The Suns might renounce Frye's Bird Rights no matter what their free agency plans. There's no way Frye will get a contract in excess of $9.6 million, and there's no way the Suns would offer a fifth year or a bigger raise than any other team could offer. Frankly, in Frye's case, in this summer of cap space, the Bird Rights don't matter.

You could make the case that the team needs Bird Rights to do a sign-and-trade with Frye if he wants to sign with someone else, but I see that as unlikely. Still, it's one thing to consider if a playoff team over the cap wants Frye. The Suns might be able to snag a future asset in exchange for tying up their cap space for a few weeks.

My take

The timing of Frye's decision is very advantageous to the Suns. As you can see there's a lot of possibilities out there and he is the lynchpin on many of them.

Opt in, and he's trade bait for a superstar. Opt out, and the Suns are swimming in cap space big enough to sign a superstar if they want.

If you ask me, I hope Frye stays with the Phoenix Suns for the rest of his playing career, just at a lower cost. My ideal scenario has Frye opting out, which he needs to do to get a long-term contract, and re-signing with the Suns in mid to late July to a smaller three-year deal (say, three years, $15 million) in which the guaranteed money declines in year three.
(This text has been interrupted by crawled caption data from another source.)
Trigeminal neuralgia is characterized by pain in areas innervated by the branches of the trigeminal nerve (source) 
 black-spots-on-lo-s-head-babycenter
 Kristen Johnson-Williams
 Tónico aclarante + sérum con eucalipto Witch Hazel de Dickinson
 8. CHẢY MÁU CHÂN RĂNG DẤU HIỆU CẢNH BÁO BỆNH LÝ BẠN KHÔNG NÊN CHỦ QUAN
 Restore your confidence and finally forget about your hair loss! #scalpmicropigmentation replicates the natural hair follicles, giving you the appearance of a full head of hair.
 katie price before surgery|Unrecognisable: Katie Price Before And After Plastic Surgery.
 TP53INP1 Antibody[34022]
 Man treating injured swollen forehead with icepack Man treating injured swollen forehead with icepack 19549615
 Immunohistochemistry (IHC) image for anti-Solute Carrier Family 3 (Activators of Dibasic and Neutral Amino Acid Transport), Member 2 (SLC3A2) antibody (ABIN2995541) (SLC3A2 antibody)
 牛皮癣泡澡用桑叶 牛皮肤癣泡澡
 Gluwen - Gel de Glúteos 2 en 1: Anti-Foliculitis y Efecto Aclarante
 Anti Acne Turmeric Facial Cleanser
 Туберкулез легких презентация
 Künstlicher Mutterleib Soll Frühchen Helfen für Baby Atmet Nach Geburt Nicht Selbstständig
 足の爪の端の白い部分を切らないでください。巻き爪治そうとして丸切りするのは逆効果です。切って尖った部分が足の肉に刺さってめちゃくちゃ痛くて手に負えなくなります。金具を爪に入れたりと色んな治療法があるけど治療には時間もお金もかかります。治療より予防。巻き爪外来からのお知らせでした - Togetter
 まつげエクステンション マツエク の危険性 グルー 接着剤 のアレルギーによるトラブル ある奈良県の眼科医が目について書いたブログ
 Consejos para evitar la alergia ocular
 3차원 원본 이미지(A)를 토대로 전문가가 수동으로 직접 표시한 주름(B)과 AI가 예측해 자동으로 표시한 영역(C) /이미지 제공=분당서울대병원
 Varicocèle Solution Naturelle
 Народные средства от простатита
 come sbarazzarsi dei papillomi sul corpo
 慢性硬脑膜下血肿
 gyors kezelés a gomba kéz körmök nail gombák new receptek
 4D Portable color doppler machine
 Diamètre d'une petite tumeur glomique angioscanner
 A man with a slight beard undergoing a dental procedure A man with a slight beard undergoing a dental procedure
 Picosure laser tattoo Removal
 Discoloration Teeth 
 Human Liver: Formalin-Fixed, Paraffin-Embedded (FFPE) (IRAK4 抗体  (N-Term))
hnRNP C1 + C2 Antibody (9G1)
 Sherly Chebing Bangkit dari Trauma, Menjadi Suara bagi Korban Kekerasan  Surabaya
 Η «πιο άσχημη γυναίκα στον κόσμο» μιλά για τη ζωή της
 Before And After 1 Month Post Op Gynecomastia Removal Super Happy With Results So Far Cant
The Suns will still have plenty of room to sign or trade for whoever they want. Frye can be a starter or backup at PF or C and will be happy with any of those roles. He will continue to provide about 10 points, 5 rebounds on 25-28 minutes a night with 40% three-point shooting. He will continue to be a great locker room presence, a great stabilizing influence on and off the court. You want players to emulate him. He's like Udonis Haslem in Miami. Like Nick Collison in OKC.

Channing Frye IS a Phoenix Sun, through and through.

Opt out and re-sign for less money over more years, Channing. Please. That's my perfect solution.